The HK$6.6 billion ($850 million) sale is “likely to deepen the entrenched position” of Bank of East Asia Chairman David Li’s family, Charles Sussex, a lawyer for the New York-based fund, said at the hearing Tuesday. It diluted the interests, especially voting power, of independent shareholders, he said.
Companies linked to Elliott, Paul Singer’s $28 billion hedge-fund firm, have built up a stake of just over 3 percent in the Hong Kong bank. They are seeking a court order to compel the lender and its directors to share confidential documents related to the deal, which was announced in September, according to a document seen by Bloomberg.

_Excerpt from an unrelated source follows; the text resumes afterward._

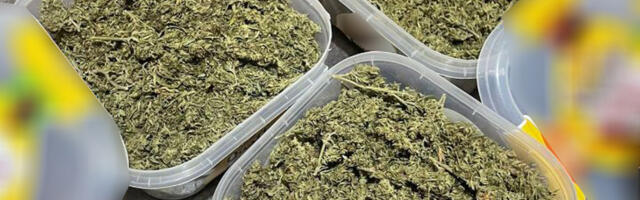 U stanu krio 5,4 kilograma marihuane i 190 grama kokaina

Elliott is mounting the legal challenge in a region where banks and other companies are often resistant to pressure from shareholder activists. Last year, Elliott failed in its campaign to pressure Singapore’s Oversea-Chinese Banking Corp. into sweetening its deal to acquire another Hong Kong-based lender, Wing Hang Bank Ltd.
“We’re not satisfied with what we have seen so far,” said Sussex. “What we’ve seen raised more questions.”
Bank of East Asia’s capital adequacy ratios were already above the regulatory minimum, Sussex said. Nor did strategic collaboration with Sumitomo Mitsui justify the share placement as the Japanese bank was already a shareholder, he added.
Hong Kong Monetary Authority officials, in exchanges with Bank of East Asia executive directors, advised the bank to “proactively manage” its capital position and “build a stronger buffer” against changes in the external environment, the bank’s lawyer Jat Sew-tong said in response.
Bank of East Asia’s current capital position is sufficient to support business growth under normal circumstances, Jat said. The bank considered it “prudent” to raise more capital given advice from the regulator and the Basel III accord that raises requirements, he told the court.
Using general mandates to issue new shares is permitted under listing rules and about 80 percent of capital-raising by listed companies in Hong Kong in the past four years was done through share placements, Jat said, citing a Goldman Sachs Group Inc. presentation.
Rights issues normally depress share prices, while the placement of new shares to strategic investors may not have such an effect, he told the court.
To nullify the placement, Elliott will have to show not only that the Bank of East Asia board was motivated by an “improper purpose,” but also that the Japanese bank was aware of such a purpose, said Jat.
“If they had a viable claim that the placement was improper, they shouldn’t have sat on their hands,” Jat said. “They could have sought an injunction.”
Documents Elliott is seeking include the share sale agreements signed with Sumitomo Mitsui, notes and papers from Bank of East Asia board meetings, board resolutions and communication between directors related to the agreements. The hedge fund also asked for documents reflecting the Hong Kong bank’s capital position and requirements as well as details on its proposed strategic partnership with the Japanese company.
Bank of East Asia completed the sale of 222.6 million new shares, increasing Sumitomo Mitsui’s stake to 17.4 percent from
9.7 percent, according to a March statement to the Hong Kong stock exchange.
The five companies linked to Elliott initially bought 200 shares each in Bank of East Asia in mid-January, two days before they sought the court order, said Jat. They cannot challenge “the issue” if they bought the shares with knowledge of it, he added.
Judge Jonathan Harris reserved his judgment at the end of the hearing.
Elliott is known for its legal tussle with Argentina. It has been seeking to enforce U.S. court judgments against the country over its 2001 default on $95 billion of debt. NML Capital, a unit of Elliott, sued for full repayment and won judgments worth $1.7 billion from a U.S. court, which Argentina refuses to pay.
The case is Artan Investments Ltd. v. the Bank of East Asia Ltd., HCMP 125/2015, Hong Kong Court of First Instance.